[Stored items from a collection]

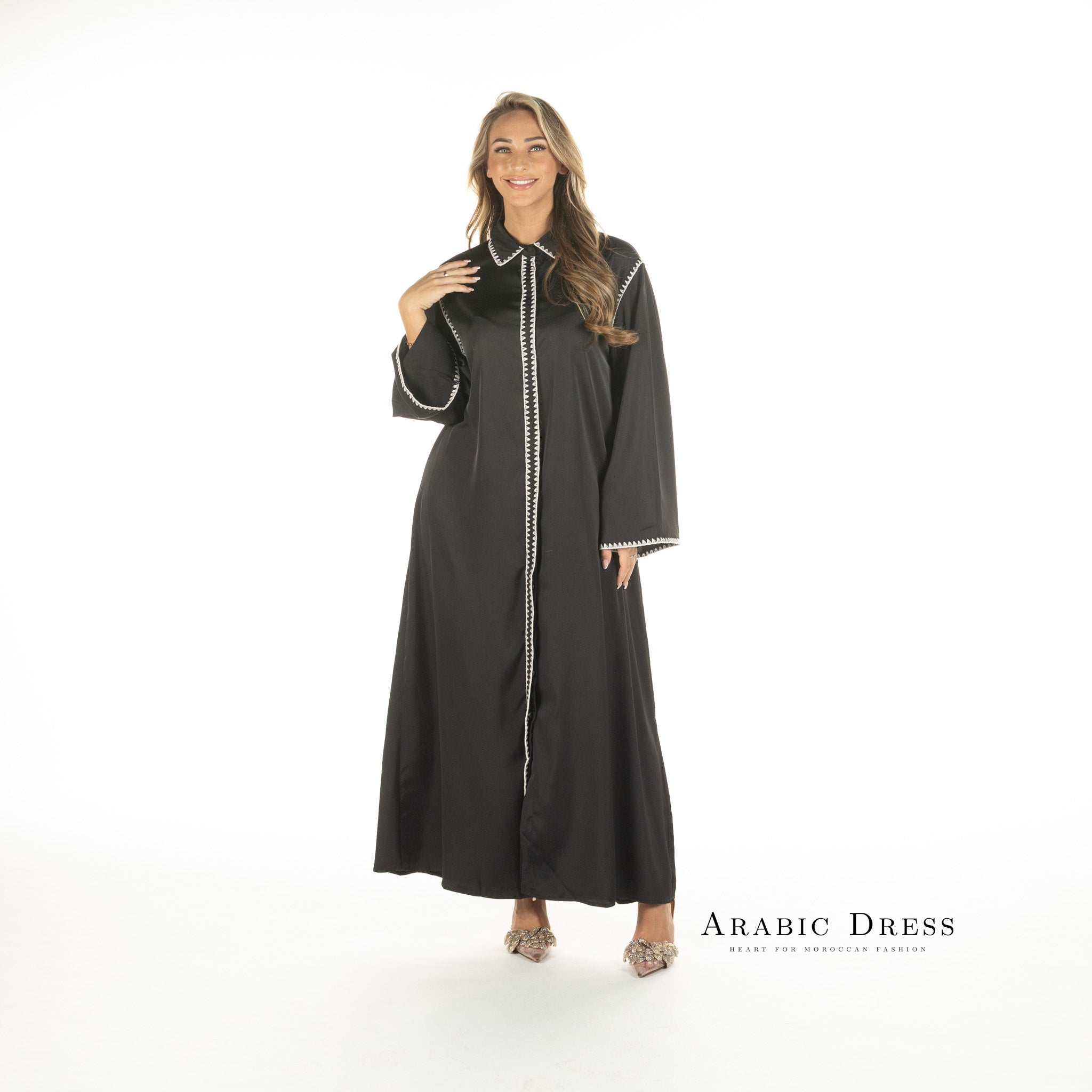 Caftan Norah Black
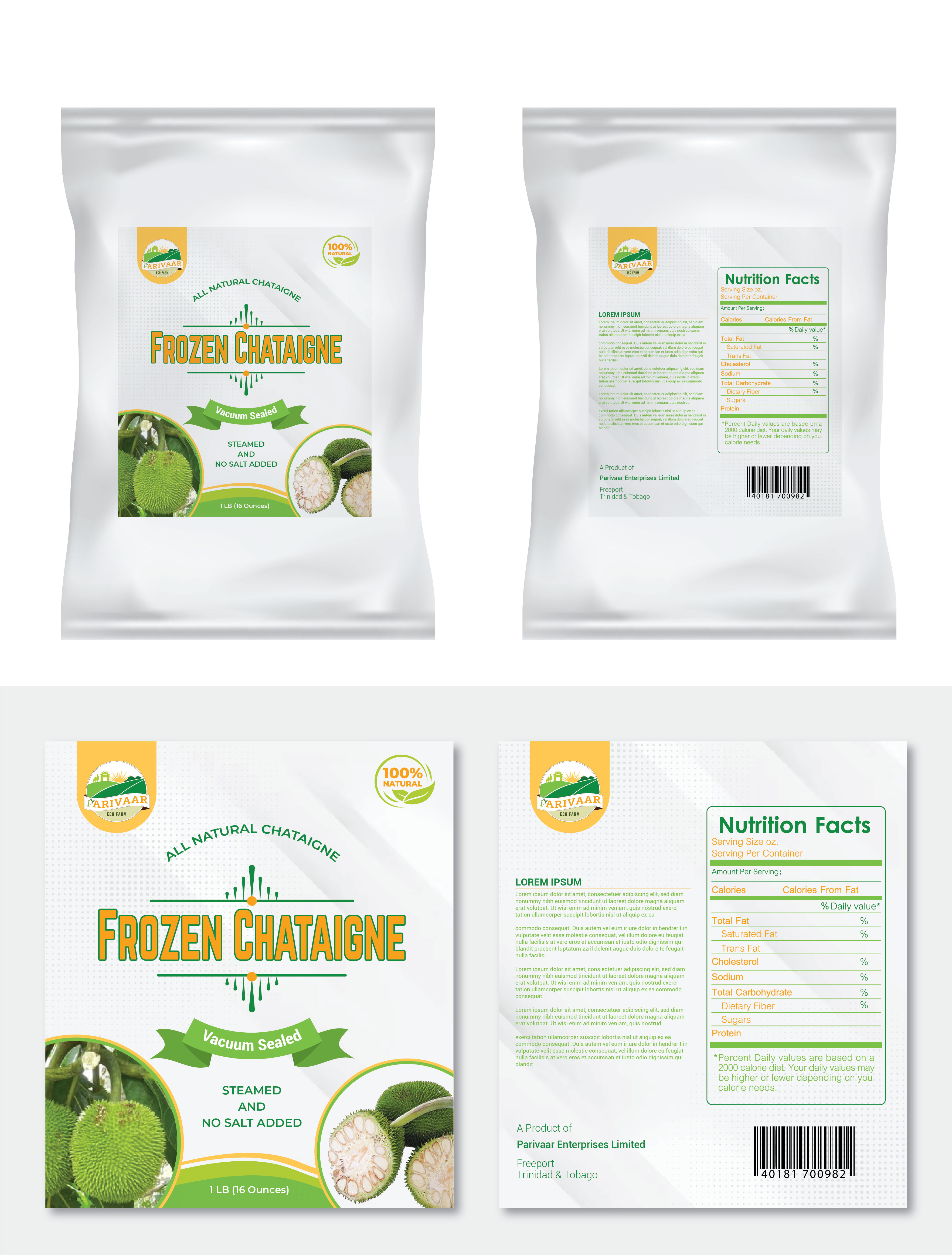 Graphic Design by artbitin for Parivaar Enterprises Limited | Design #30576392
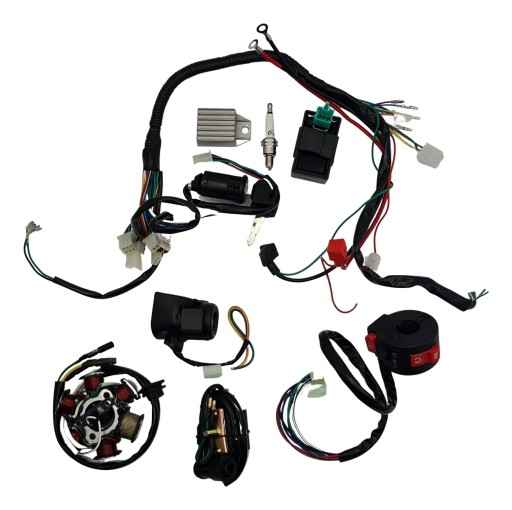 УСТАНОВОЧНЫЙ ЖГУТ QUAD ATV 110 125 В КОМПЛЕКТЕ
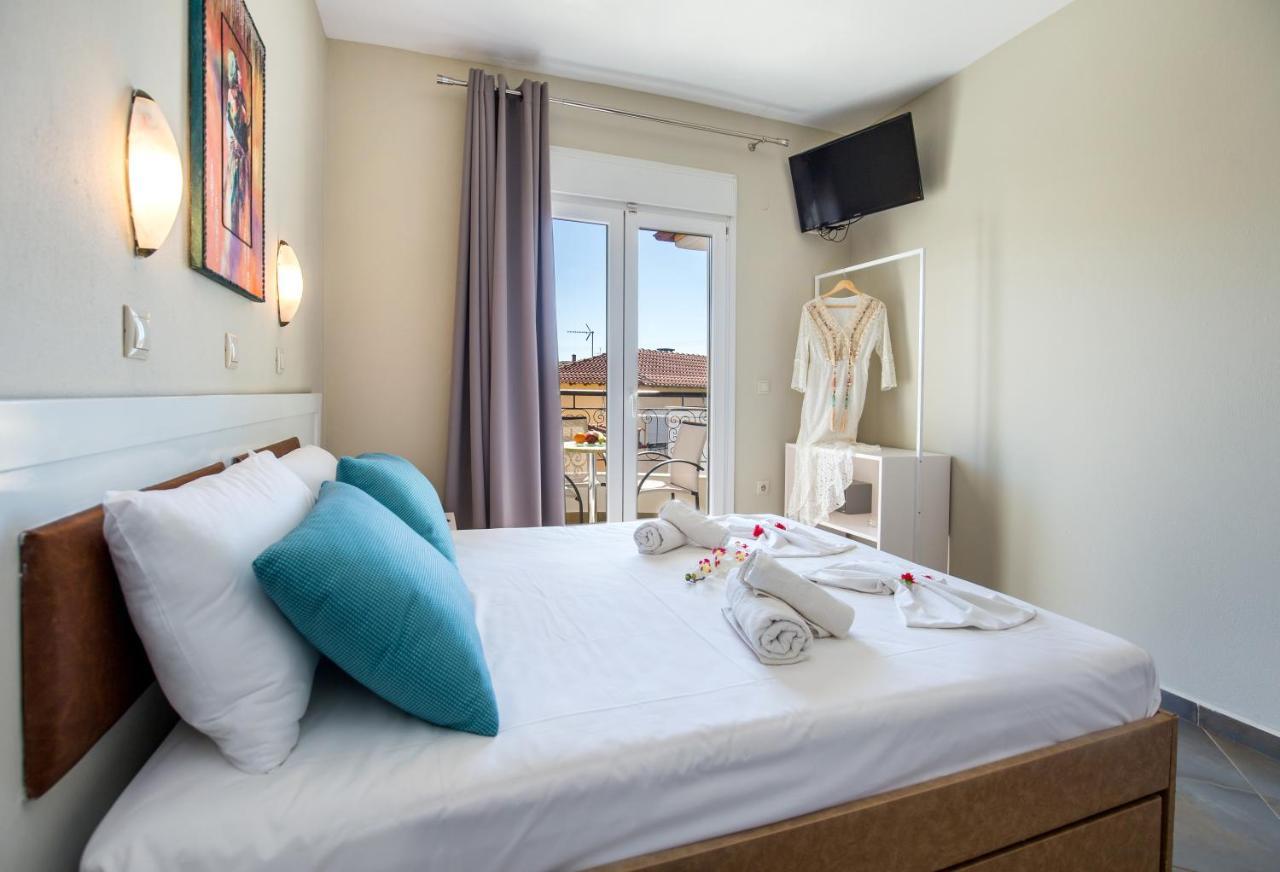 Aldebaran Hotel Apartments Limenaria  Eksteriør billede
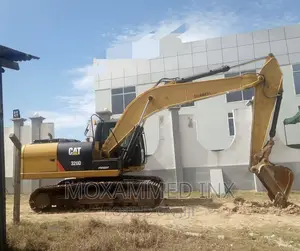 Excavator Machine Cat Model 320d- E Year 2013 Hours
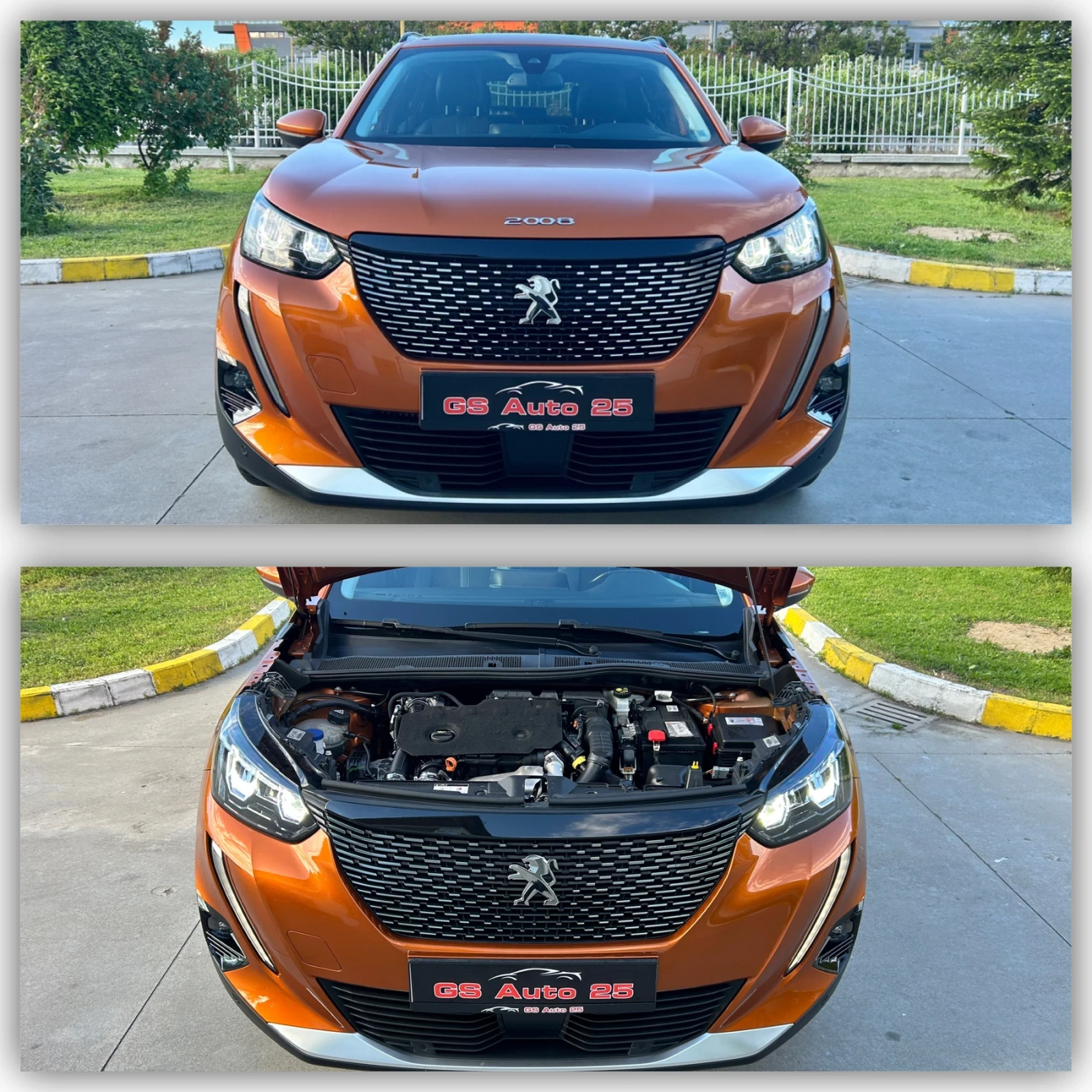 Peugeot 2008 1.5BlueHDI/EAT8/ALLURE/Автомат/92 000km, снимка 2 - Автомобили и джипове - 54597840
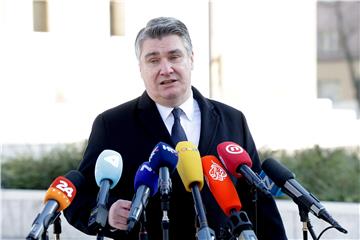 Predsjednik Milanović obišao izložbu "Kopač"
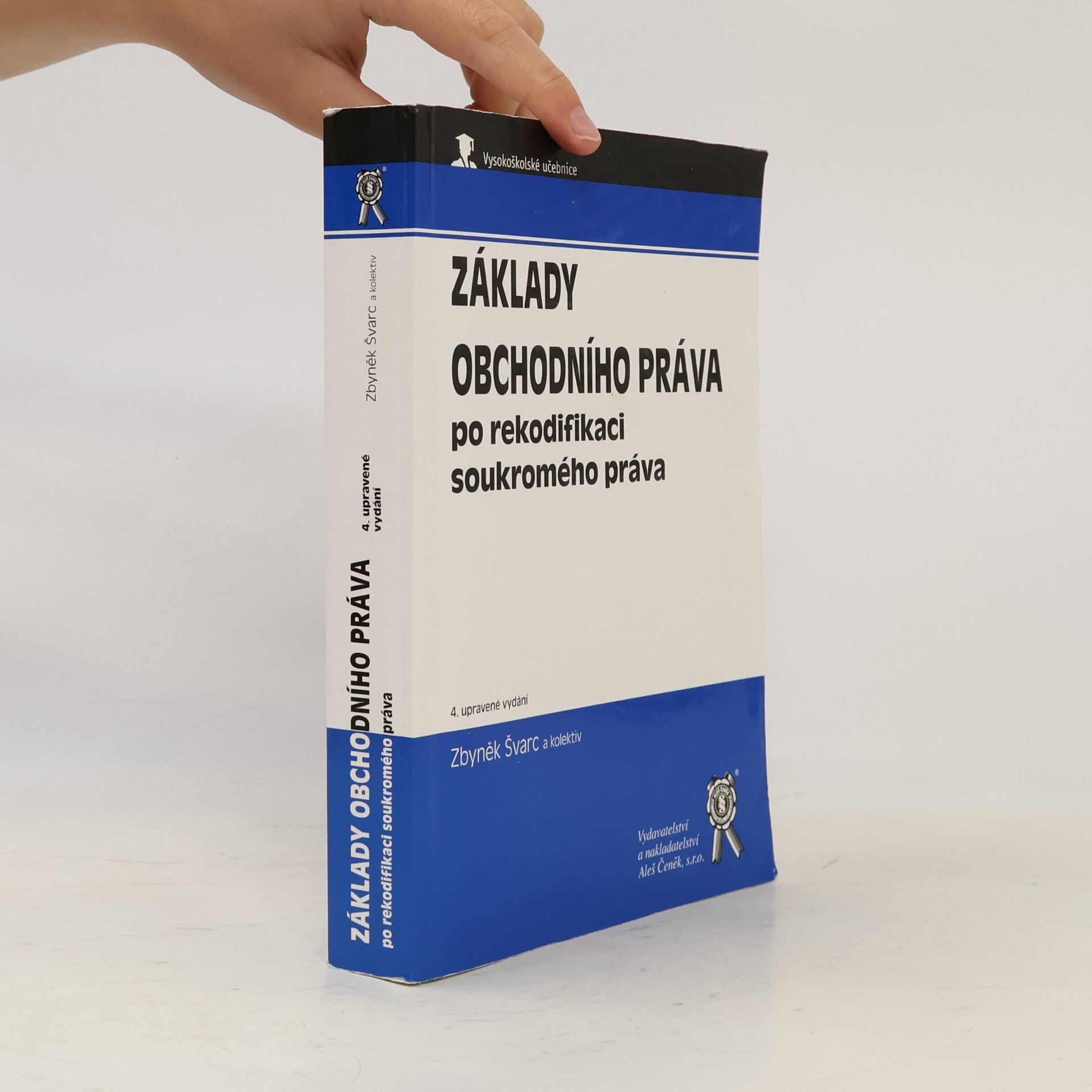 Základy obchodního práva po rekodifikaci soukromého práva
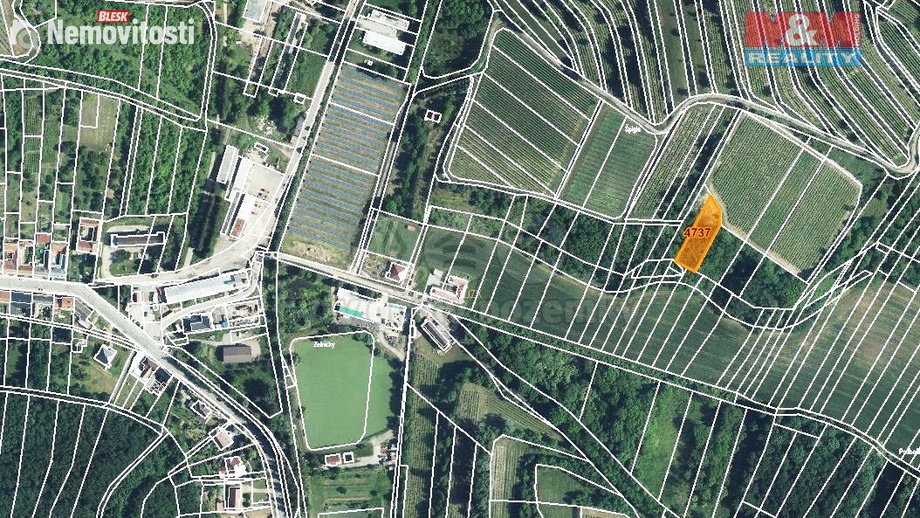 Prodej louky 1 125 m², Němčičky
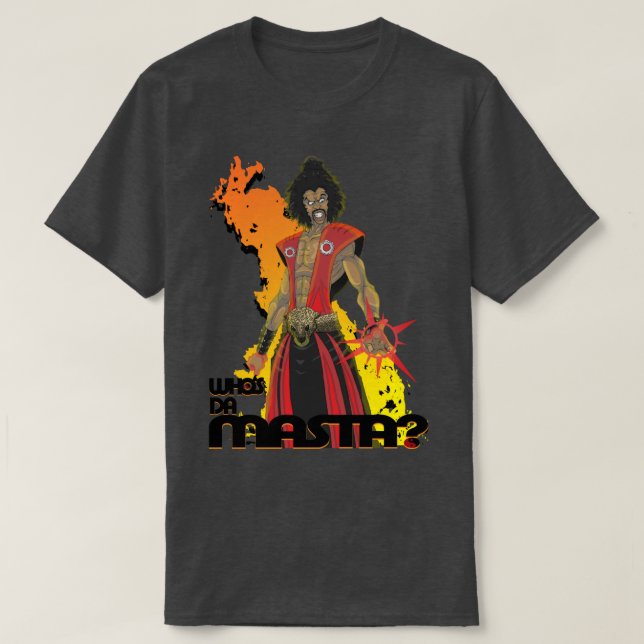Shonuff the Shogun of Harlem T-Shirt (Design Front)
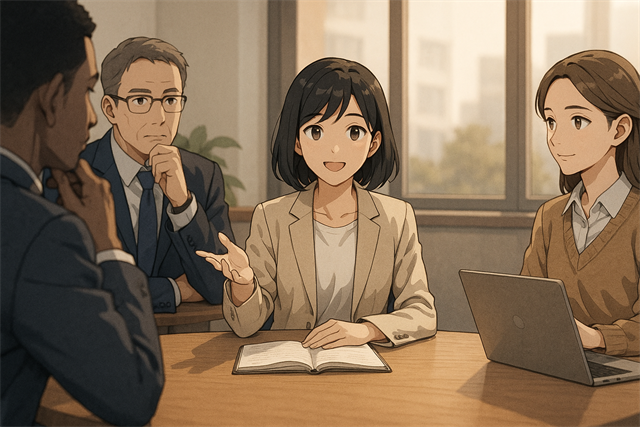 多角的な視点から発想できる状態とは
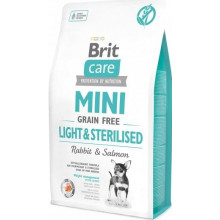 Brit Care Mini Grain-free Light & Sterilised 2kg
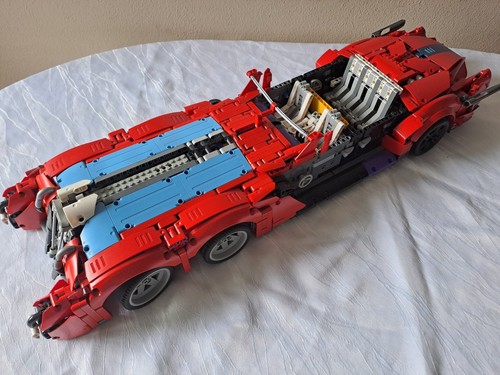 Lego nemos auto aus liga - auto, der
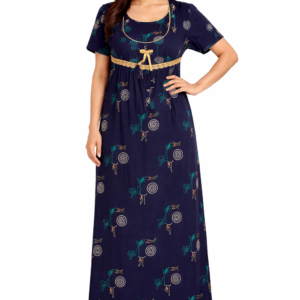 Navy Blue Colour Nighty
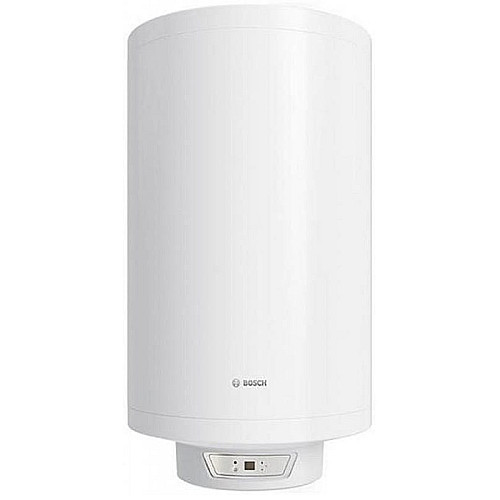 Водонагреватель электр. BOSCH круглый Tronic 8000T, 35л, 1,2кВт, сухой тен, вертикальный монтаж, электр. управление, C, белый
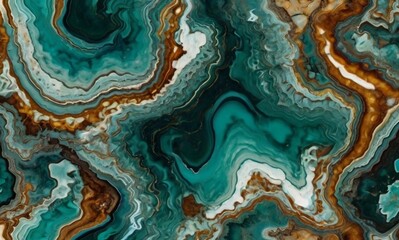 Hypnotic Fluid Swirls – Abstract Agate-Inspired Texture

* Action item: Copy each line above exactly. Images do not belong in the copy.

* Expected answer:
 Caftan Norah Black
 Graphic Design by artbitin for Parivaar Enterprises Limited | Design #30576392
 УСТАНОВОЧНЫЙ ЖГУТ QUAD ATV 110 125 В КОМПЛЕКТЕ
 Aldebaran Hotel Apartments Limenaria  Eksteriør billede
 Excavator Machine Cat Model 320d- E Year 2013 Hours
 Peugeot 2008 1.5BlueHDI/EAT8/ALLURE/Автомат/92 000km, снимка 2 - Автомобили и джипове - 54597840
 Predsjednik Milanović obišao izložbu "Kopač"
 Základy obchodního práva po rekodifikaci soukromého práva
 Prodej louky 1 125 m², Němčičky
Shonuff the Shogun of Harlem T-Shirt (Design Front)
 多角的な視点から発想できる状態とは
 Brit Care Mini Grain-free Light & Sterilised 2kg
 Lego nemos auto aus liga - auto, der
 Navy Blue Colour Nighty
 Водонагреватель электр. BOSCH круглый Tronic 8000T, 35л, 1,2кВт, сухой тен, вертикальный монтаж, электр. управление, C, белый
 Hypnotic Fluid Swirls – Abstract Agate-Inspired Texture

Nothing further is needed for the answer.